Vaccination passes: Chariot to freedom or a Trojan horse?

An interdisciplinary collaboration to provide model-based evidence to inform policy decisions on vaccination passes and on how they shape pandemic dynamics. Do they allow us to safely navigate epidemic waves? Or can they prove treacherous, compromising all sacrifices and efforts previously made?
Published in Healthcare & Nursing
Vaccination passes: Chariot to freedom or a Trojan horse?
Like

Δύο γὰρ, ἐπιστήμη τε καὶ δόξα, ὧν τὸ μὲν ἐπίστασθαι ποιέει, τὸ δὲ ἀγνοεῖν.

There are in fact two things, science and opinion; the former begets knowledge, the latter ignorance.

Hippocrates of Cos, Law (Νόμος) 4.8.

This blog post is a group effort, same as our paper.

T. Krueger, K. Gogolewski, M. Bodych, A Gambin, G. Giordano, S Cuschieri, T. Czypionka, M. Perc, E. Petelos, M. Rosińska & E. Szczurek

We came together as an interdisciplinary group of passionate researchers across Europe to contribute to the fight against COVID-19 by providing model-based evidence to inform policy decisions.

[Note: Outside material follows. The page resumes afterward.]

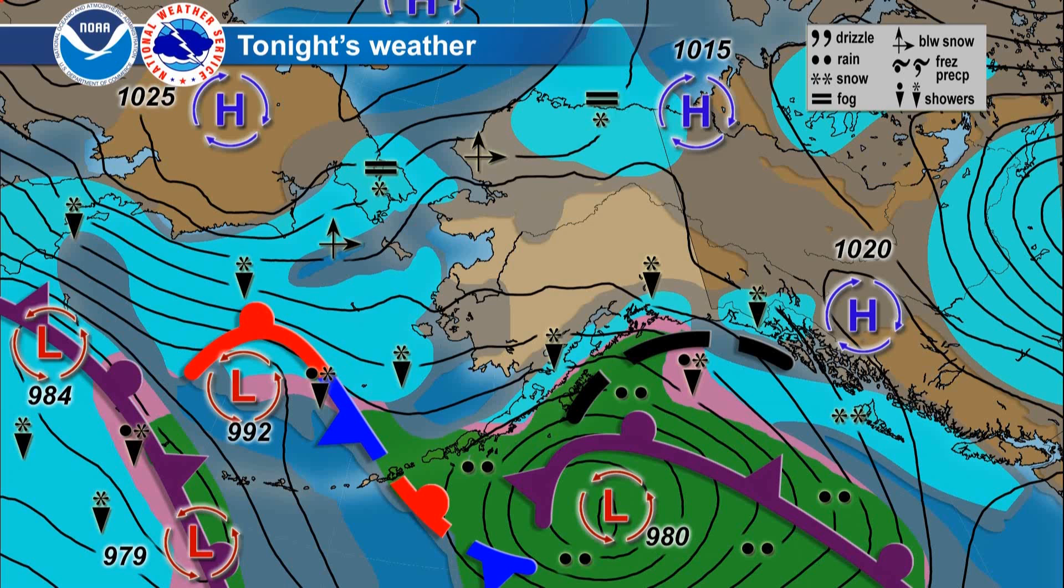A look out to the west, low pressure is lining up a series of fronts working across the central and western chain. Each one of those bringing a round of rain and a little bit of wind at the central and western chain followed quickly by snow and some wind.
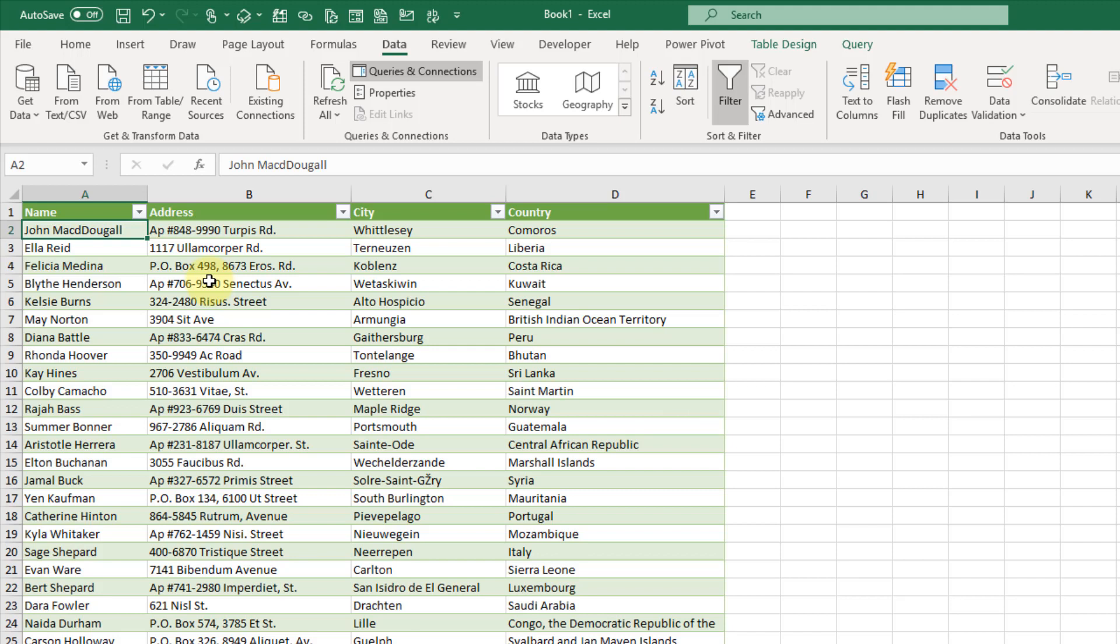So that's how we can import Google Sheet data into Excel with Power Query. If you enjoyed this video, make sure you hit the thumbs up button and subscribe to the channel. That's it for this video. We'll see you in the next one.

A few months into the pandemic, tools that operationalised status on the basis of vaccination and recovery emerged, namely, vaccination passes. Critical questions arose in terms of how they would shape pandemic dynamics. Could vaccination passes allow us to safely navigate epidemic waves whilst restoring our freedom? Or would they prove treacherous, compromising all the sacrifices and efforts made in the previous months? 

By November 2020, we had started to systematically discuss the need to examine how the implementation of this new technology and policy tool would unfold.  The vaccination programmes had by then a much clearer implementation horizon and we wanted to support the effort of informing the implementation and evidence-informed policymaking. We also hoped to be careful and diligent enough to develop a model that could withstand the emergence of new variants. Key ethical, legal, technical and scientific challenges had been identified early on,1,2 yet in the hope to regain freedom and move towards normalcy, the European Commission moved forward with the proposal for the Digital COVID Certificate to be implemented across the European Union (EU) to facilitate free movement.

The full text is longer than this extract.